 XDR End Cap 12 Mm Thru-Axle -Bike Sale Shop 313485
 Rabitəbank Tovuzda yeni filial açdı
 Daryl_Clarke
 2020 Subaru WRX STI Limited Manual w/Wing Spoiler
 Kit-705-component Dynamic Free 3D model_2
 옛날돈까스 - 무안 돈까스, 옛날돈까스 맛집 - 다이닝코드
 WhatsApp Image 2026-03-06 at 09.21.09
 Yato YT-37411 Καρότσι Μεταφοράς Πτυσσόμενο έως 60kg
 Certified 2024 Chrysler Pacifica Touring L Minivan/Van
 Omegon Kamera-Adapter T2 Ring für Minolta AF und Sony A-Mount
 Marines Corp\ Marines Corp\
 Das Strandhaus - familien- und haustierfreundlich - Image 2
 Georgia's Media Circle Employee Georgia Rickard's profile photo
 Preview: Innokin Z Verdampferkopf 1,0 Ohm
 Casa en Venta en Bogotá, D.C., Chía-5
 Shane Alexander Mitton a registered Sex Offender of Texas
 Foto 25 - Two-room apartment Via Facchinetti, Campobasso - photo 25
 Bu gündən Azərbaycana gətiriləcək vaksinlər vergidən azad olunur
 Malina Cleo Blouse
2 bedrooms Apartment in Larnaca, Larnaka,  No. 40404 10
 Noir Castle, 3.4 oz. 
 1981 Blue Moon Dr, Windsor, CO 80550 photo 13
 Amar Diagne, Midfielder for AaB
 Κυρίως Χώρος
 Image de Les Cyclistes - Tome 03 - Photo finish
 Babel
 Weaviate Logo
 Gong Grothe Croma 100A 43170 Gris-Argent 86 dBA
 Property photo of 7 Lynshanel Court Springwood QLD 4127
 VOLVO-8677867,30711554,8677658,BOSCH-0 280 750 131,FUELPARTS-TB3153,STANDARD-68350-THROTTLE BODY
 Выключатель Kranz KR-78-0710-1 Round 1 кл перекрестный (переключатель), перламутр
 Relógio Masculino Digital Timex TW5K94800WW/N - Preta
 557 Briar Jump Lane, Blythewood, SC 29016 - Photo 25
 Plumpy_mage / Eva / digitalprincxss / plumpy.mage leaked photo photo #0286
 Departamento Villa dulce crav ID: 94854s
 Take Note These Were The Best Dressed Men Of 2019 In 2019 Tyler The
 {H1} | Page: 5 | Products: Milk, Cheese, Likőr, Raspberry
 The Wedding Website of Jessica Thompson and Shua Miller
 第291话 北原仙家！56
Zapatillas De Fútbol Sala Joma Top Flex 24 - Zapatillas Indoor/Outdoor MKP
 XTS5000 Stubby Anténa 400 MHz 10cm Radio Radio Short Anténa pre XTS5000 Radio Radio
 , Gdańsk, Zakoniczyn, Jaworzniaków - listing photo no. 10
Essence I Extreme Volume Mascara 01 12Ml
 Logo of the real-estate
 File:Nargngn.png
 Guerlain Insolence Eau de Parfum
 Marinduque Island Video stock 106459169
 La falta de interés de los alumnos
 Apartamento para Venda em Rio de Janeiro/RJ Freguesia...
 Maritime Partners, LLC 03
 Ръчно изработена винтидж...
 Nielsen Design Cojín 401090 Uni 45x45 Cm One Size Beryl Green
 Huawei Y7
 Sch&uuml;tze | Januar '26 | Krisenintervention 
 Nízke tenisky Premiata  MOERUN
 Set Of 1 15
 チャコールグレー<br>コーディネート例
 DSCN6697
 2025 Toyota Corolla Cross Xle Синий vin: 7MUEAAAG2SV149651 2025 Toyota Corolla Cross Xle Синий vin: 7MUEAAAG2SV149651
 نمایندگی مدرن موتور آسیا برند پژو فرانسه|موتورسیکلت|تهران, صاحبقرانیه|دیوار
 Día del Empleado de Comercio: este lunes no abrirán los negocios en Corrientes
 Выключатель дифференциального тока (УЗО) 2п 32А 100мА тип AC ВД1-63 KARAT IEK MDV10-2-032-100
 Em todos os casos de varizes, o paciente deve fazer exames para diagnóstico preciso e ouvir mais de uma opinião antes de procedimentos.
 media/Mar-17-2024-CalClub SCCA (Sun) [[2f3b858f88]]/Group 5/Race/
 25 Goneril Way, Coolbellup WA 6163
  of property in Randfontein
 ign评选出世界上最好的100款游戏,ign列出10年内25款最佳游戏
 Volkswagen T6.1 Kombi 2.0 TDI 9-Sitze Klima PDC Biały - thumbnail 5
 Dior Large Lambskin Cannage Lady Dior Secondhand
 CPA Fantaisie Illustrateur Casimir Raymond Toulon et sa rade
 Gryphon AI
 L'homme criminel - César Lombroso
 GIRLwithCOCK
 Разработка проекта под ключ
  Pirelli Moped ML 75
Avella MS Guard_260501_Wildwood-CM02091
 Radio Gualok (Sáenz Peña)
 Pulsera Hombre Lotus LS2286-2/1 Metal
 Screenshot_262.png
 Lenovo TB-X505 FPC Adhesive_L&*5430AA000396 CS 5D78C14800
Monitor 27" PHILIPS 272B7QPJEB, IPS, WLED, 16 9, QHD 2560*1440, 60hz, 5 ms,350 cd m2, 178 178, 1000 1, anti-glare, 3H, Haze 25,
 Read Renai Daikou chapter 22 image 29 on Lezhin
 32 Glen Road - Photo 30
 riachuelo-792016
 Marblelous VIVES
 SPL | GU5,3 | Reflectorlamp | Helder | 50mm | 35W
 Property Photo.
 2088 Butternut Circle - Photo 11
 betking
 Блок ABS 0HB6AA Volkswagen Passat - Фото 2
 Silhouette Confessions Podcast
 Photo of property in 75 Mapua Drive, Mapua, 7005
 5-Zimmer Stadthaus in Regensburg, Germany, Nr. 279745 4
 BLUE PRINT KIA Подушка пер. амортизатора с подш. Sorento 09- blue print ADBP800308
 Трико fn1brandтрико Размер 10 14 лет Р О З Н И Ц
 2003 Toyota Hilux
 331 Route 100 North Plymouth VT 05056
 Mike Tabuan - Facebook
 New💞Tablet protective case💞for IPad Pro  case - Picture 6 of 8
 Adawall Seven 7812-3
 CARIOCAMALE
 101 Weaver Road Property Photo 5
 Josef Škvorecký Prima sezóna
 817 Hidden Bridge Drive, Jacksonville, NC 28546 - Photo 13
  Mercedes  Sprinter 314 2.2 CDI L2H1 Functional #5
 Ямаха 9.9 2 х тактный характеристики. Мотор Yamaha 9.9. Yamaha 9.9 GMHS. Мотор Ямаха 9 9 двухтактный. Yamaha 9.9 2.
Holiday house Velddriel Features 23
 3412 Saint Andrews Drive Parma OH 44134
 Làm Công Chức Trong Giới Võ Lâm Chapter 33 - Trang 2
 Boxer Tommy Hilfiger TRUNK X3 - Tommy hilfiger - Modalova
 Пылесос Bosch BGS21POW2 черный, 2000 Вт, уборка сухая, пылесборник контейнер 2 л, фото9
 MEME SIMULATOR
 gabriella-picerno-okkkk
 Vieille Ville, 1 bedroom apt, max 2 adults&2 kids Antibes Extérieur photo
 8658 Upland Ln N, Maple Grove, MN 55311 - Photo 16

----

WORK ORDER:
What is needed is an exact transcription of every entry.

SOLUTION:
 XDR End Cap 12 Mm Thru-Axle -Bike Sale Shop 313485
 Rabitəbank Tovuzda yeni filial açdı
 Daryl_Clarke
 2020 Subaru WRX STI Limited Manual w/Wing Spoiler
 Kit-705-component Dynamic Free 3D model_2
 옛날돈까스 - 무안 돈까스, 옛날돈까스 맛집 - 다이닝코드
 WhatsApp Image 2026-03-06 at 09.21.09
 Yato YT-37411 Καρότσι Μεταφοράς Πτυσσόμενο έως 60kg
 Certified 2024 Chrysler Pacifica Touring L Minivan/Van
 Omegon Kamera-Adapter T2 Ring für Minolta AF und Sony A-Mount
 Marines Corp\ Marines Corp\
 Das Strandhaus - familien- und haustierfreundlich - Image 2
 Georgia's Media Circle Employee Georgia Rickard's profile photo
 Preview: Innokin Z Verdampferkopf 1,0 Ohm
 Casa en Venta en Bogotá, D.C., Chía-5
 Shane Alexander Mitton a registered Sex Offender of Texas
 Foto 25 - Two-room apartment Via Facchinetti, Campobasso - photo 25
 Bu gündən Azərbaycana gətiriləcək vaksinlər vergidən azad olunur
 Malina Cleo Blouse
2 bedrooms Apartment in Larnaca, Larnaka,  No. 40404 10
 Noir Castle, 3.4 oz. 
 1981 Blue Moon Dr, Windsor, CO 80550 photo 13
 Amar Diagne, Midfielder for AaB
 Κυρίως Χώρος
 Image de Les Cyclistes - Tome 03 - Photo finish
 Babel
 Weaviate Logo
 Gong Grothe Croma 100A 43170 Gris-Argent 86 dBA
 Property photo of 7 Lynshanel Court Springwood QLD 4127
 VOLVO-8677867,30711554,8677658,BOSCH-0 280 750 131,FUELPARTS-TB3153,STANDARD-68350-THROTTLE BODY
 Выключатель Kranz KR-78-0710-1 Round 1 кл перекрестный (переключатель), перламутр
 Relógio Masculino Digital Timex TW5K94800WW/N - Preta
 557 Briar Jump Lane, Blythewood, SC 29016 - Photo 25
 Plumpy_mage / Eva / digitalprincxss / plumpy.mage leaked photo photo #0286
 Departamento Villa dulce crav ID: 94854s
 Take Note These Were The Best Dressed Men Of 2019 In 2019 Tyler The
 {H1} | Page: 5 | Products: Milk, Cheese, Likőr, Raspberry
 The Wedding Website of Jessica Thompson and Shua Miller
 第291话 北原仙家！56
Zapatillas De Fútbol Sala Joma Top Flex 24 - Zapatillas Indoor/Outdoor MKP
 XTS5000 Stubby Anténa 400 MHz 10cm Radio Radio Short Anténa pre XTS5000 Radio Radio
 , Gdańsk, Zakoniczyn, Jaworzniaków - listing photo no. 10
Essence I Extreme Volume Mascara 01 12Ml
 Logo of the real-estate
 File:Nargngn.png
 Guerlain Insolence Eau de Parfum
 Marinduque Island Video stock 106459169
 La falta de interés de los alumnos
 Apartamento para Venda em Rio de Janeiro/RJ Freguesia...
 Maritime Partners, LLC 03
 Ръчно изработена винтидж...
 Nielsen Design Cojín 401090 Uni 45x45 Cm One Size Beryl Green
 Huawei Y7
 Sch&uuml;tze | Januar '26 | Krisenintervention 
 Nízke tenisky Premiata  MOERUN
 Set Of 1 15
 チャコールグレー<br>コーディネート例
 DSCN6697
 2025 Toyota Corolla Cross Xle Синий vin: 7MUEAAAG2SV149651 2025 Toyota Corolla Cross Xle Синий vin: 7MUEAAAG2SV149651
 نمایندگی مدرن موتور آسیا برند پژو فرانسه|موتورسیکلت|تهران, صاحبقرانیه|دیوار
 Día del Empleado de Comercio: este lunes no abrirán los negocios en Corrientes
 Выключатель дифференциального тока (УЗО) 2п 32А 100мА тип AC ВД1-63 KARAT IEK MDV10-2-032-100
 Em todos os casos de varizes, o paciente deve fazer exames para diagnóstico preciso e ouvir mais de uma opinião antes de procedimentos.
 media/Mar-17-2024-CalClub SCCA (Sun) [[2f3b858f88]]/Group 5/Race/
 25 Goneril Way, Coolbellup WA 6163
  of property in Randfontein
 ign评选出世界上最好的100款游戏,ign列出10年内25款最佳游戏
 Volkswagen T6.1 Kombi 2.0 TDI 9-Sitze Klima PDC Biały - thumbnail 5
 Dior Large Lambskin Cannage Lady Dior Secondhand
 CPA Fantaisie Illustrateur Casimir Raymond Toulon et sa rade
 Gryphon AI
 L'homme criminel - César Lombroso
 GIRLwithCOCK
 Разработка проекта под ключ
  Pirelli Moped ML 75
Avella MS Guard_260501_Wildwood-CM02091
 Radio Gualok (Sáenz Peña)
 Pulsera Hombre Lotus LS2286-2/1 Metal
 Screenshot_262.png
 Lenovo TB-X505 FPC Adhesive_L&*5430AA000396 CS 5D78C14800
Monitor 27" PHILIPS 272B7QPJEB, IPS, WLED, 16 9, QHD 2560*1440, 60hz, 5 ms,350 cd m2, 178 178, 1000 1, anti-glare, 3H, Haze 25,
 Read Renai Daikou chapter 22 image 29 on Lezhin
 32 Glen Road - Photo 30
 riachuelo-792016
 Marblelous VIVES
 SPL | GU5,3 | Reflectorlamp | Helder | 50mm | 35W
 Property Photo.
 2088 Butternut Circle - Photo 11
 betking
 Блок ABS 0HB6AA Volkswagen Passat - Фото 2
 Silhouette Confessions Podcast
 Photo of property in 75 Mapua Drive, Mapua, 7005
 5-Zimmer Stadthaus in Regensburg, Germany, Nr. 279745 4
 BLUE PRINT KIA Подушка пер. амортизатора с подш. Sorento 09- blue print ADBP800308
 Трико fn1brandтрико Размер 10 14 лет Р О З Н И Ц
 2003 Toyota Hilux
 331 Route 100 North Plymouth VT 05056
 Mike Tabuan - Facebook
 New💞Tablet protective case💞for IPad Pro  case - Picture 6 of 8
 Adawall Seven 7812-3
 CARIOCAMALE
 101 Weaver Road Property Photo 5
 Josef Škvorecký Prima sezóna
 817 Hidden Bridge Drive, Jacksonville, NC 28546 - Photo 13
  Mercedes  Sprinter 314 2.2 CDI L2H1 Functional #5
 Ямаха 9.9 2 х тактный характеристики. Мотор Yamaha 9.9. Yamaha 9.9 GMHS. Мотор Ямаха 9 9 двухтактный. Yamaha 9.9 2.
Holiday house Velddriel Features 23
 3412 Saint Andrews Drive Parma OH 44134
 Làm Công Chức Trong Giới Võ Lâm Chapter 33 - Trang 2
 Boxer Tommy Hilfiger TRUNK X3 - Tommy hilfiger - Modalova
 Пылесос Bosch BGS21POW2 черный, 2000 Вт, уборка сухая, пылесборник контейнер 2 л, фото9
 MEME SIMULATOR
 gabriella-picerno-okkkk
 Vieille Ville, 1 bedroom apt, max 2 adults&2 kids Antibes Extérieur photo
 8658 Upland Ln N, Maple Grove, MN 55311 - Photo 16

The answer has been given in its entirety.